The red flag that is ‘And’
As someone who blogs (a lot), is starting to appear with greater frequency in conference programs and who has a book coming out, I tend to get a fair amount of unsolicited job inquiries appearing in my mailbox. Some I dismiss completely, but others I will at least open up the company web site. What I am looking for in small, startup-ish companies is not the technology, or the industry, or anything along those lines.
What I am looking for is whether I can determine what they do without having to use the word ‘and’.
In my experience, quality requires disciple in all aspects of an organization. Including its mission and reason.
We help individuals, [and] non-profit organizations, [and] cities, and enterprises do (this), [and] (this), and (this) is a pretty strong indicator that quality is being sacrificed in favor market reach.
And really, that is a perfectly valid strategy from a business perspective. But from a quality one it is atrocious. Those three markets have very different drivers and feature requirements. By targeting all three what you are essentially doing is splitting your attention three different ways resulting in three 1/3 completed products. Instead of that strategy, why not pick one and absolutely dominate it in terms of features and quality. Then take on the next.
Similarly, the three actions mentioned above are also a concern, but not necessarily as bad a one. It all depends on where in the growth curve the company is. For a brand new company it is a huge problem. You should absolutely kick ass with one action before expanding into another.
But! By constraining focus to a laser point are you not turning your back a large part of the market?
Yes. If quality is your goal, you will be rewarded.
Imagine that the market for your multi-limbed product is 100M per year and split into four, clear, sub-markets of 25M each. You could try to fight in all of them and win some battles but generally tread water as you have to spread your efforts across four distinct audiences and this results in say 20M and a reputation in the market as meeting requirements, but meh customer experience or joy. Or, you could focus in on a single segment, kicking ass along the way, still make 20M per year as the dominant force and have an awesome reputation in the market.
As someone who is deeply rooted in the idea of delivery a quality product, the latter option is much more compelling a story.

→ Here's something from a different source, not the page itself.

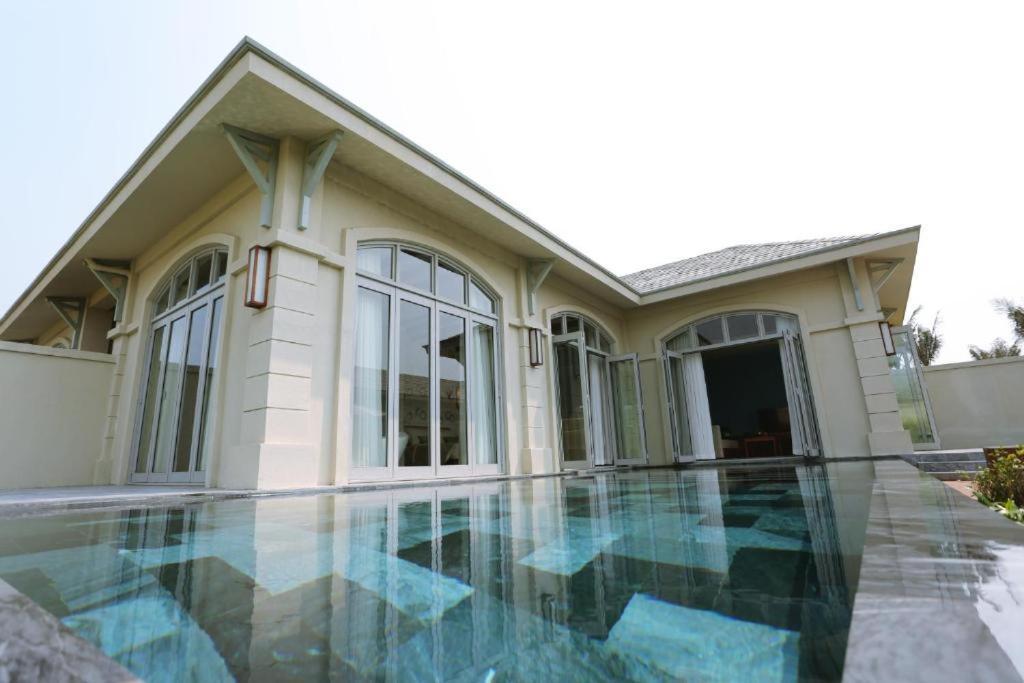 Flc Luxury Hotel Samson Sam Son Bagian luar foto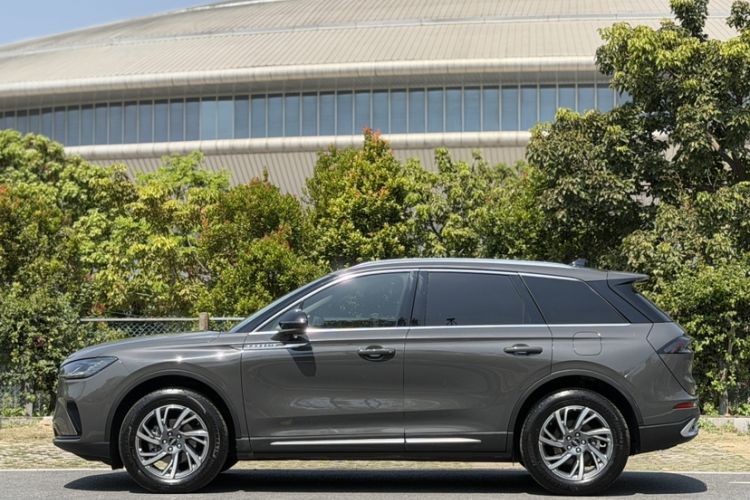 Used Lincoln Corsair 2023 2.0T Two-Wheel Drive Luxury Edition Exterior 3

To a business owner though I completely understand why it would not be. Narrow focus companies tend to be smaller in terms of potential revenue and have a slower growth curve; two items that often run counter to why the company was started. Narrow companies are (likely) not going to change or save the world either. They can however change or save a specific segment of it which hopefully is enough.
So how about your company? How many ‘Ands’ do you need to describe it? And what can you do to decrease the ands and increase the quality?